When they insisted he sign a paper renouncing those views, he refused. When they told him to keep silent, he refused again.

So two years ago, the Vatican stripped Flannery of his ministry. Last year he said he was threatened with excommunication for heresy, a word that conjures up images of Joan of Arc burned at the stake. And on Monday, this ousted itinerant preacher told his story at a friend’s home in the West Roxbury neighborhood of Boston.

“I love preaching,” he said. “I still love the Church.”

But his censure has at least done this: turned Flannery into an even bigger celebrity in Ireland, where he’s already known for his writing and his nine books on faith and Catholicism. And now he’s in the midst of an 18-city, American preaching and listening tour sponsored by a coalition of reform and progressive Catholic groups including Call To Action, Catholics United, Catholics in Alliance, Future Church, and the National Coalition of American Nuns.

He’ll be speaking at just one Catholic Church. That’s in Minneapolis. Mostly he’ll speak at Protestant churches or in union halls and public buildings from Boston to Chicago to Seattle, telling his story again and listening to faithful but frustrated Catholics tell theirs.

Flannery said Monday he was ordained amidst Vatican II’s hopes for a more open Church willing to hear and respond to the laity. Then he lived through 40 years “of disappointment, when the main thing we heard from Church authorities was about law, what you could and couldn’t do, like the Pharisees in the New Testament,” he said, who were always fretting over minute details of Jewish law. “And not seeing how ridiculous the whole thing was, or how appalling it is to withhold the Eucharist instead of seeing it as nourishment for our weakness.”

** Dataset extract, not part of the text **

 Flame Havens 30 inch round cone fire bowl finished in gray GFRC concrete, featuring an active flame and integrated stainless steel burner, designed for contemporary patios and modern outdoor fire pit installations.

Flannery has spoken and written, in words that often echo Francis, about the need for a more welcoming and merciful Church, one that treats women as equals and does not demonize sex. He is one of the founders of the Irish Association of Catholic Priests, an association of about 1,100 reform-minded priests who’ve also been willing, like Flannery, to speak to the media, challenge the Church, and bemoan, for example, the loneliness of celibacy.

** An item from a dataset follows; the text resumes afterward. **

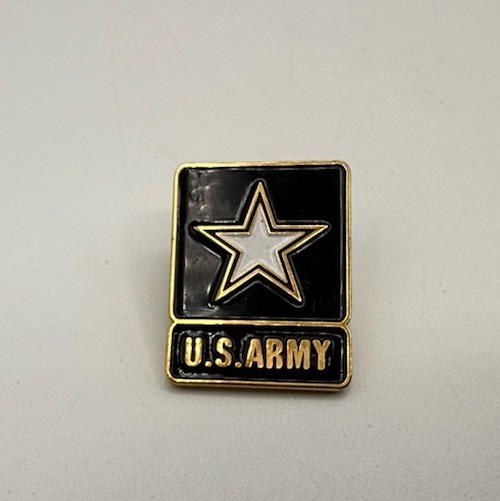 US Army Star Logo Lapel Pin Black and Gold with White Star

“Oh,” Flannery said Monday, “when I see children, when I see grandchildren, I think, ‘it would have been nice ….

His association is totally independent from the Church and unlike anything in the United States, where dissenting priests mostly keep their complaints, quietly, to themselves.

Looking back, says Flannery, it was naïve not to expect some blowback. Still, he was a surprised that the mighty Congregation for the Doctrine of the Faith, under Pope Benedict, even noticed him. “I’m the only priest in Ireland who’s out of ministry for heresy,” he said. Other priests are out of ministry, too, but because of Ireland’s decades-long priestly sex abuse scandal. One can’t help comparing the swift ferocity of the hierarchy’s actions against Flannery with its slowness to act against hundreds of child-abusing Irish priests. Meeting Tony Flannery, one can’t help but notice, too, the sad irony here: The Church sought to silence a priest whose ministry had attracted disillusioned souls back to that very same Church. You can understand why he did so well. Tony Flannery comes across as a kind, compassionate and thoughtful man — and a man still wistful for the priestly vocation he has lost.

Flannery thinks he may not have been censured under Francis, “but who knows.” He said many have written to Francis on his behalf. There is no word on any reconsideration of his case. Yet Flannery is a huge Francis fan. “I think he’s trying desperately hard to make change,” he said. “We’re praying he lives long enough to get some reforms through,” ones not easily jettisoned by his successor.

Among those reforms: a dramatic change of emphasis. The point of being a Catholic, says Flannery, is not citing from memory “The Catechism of the Catholic Church.” The point is “to follow the gospels. To follow Jesus, and the big thing about Jesus was the way he accepted and loved everybody.” Misfits, sinners, prostitutes, thieves, the sick, the outcast, the desperately poor. “That’s what drew people to him. That has to be the core of the Christian message. That’s what we’re hoping for.”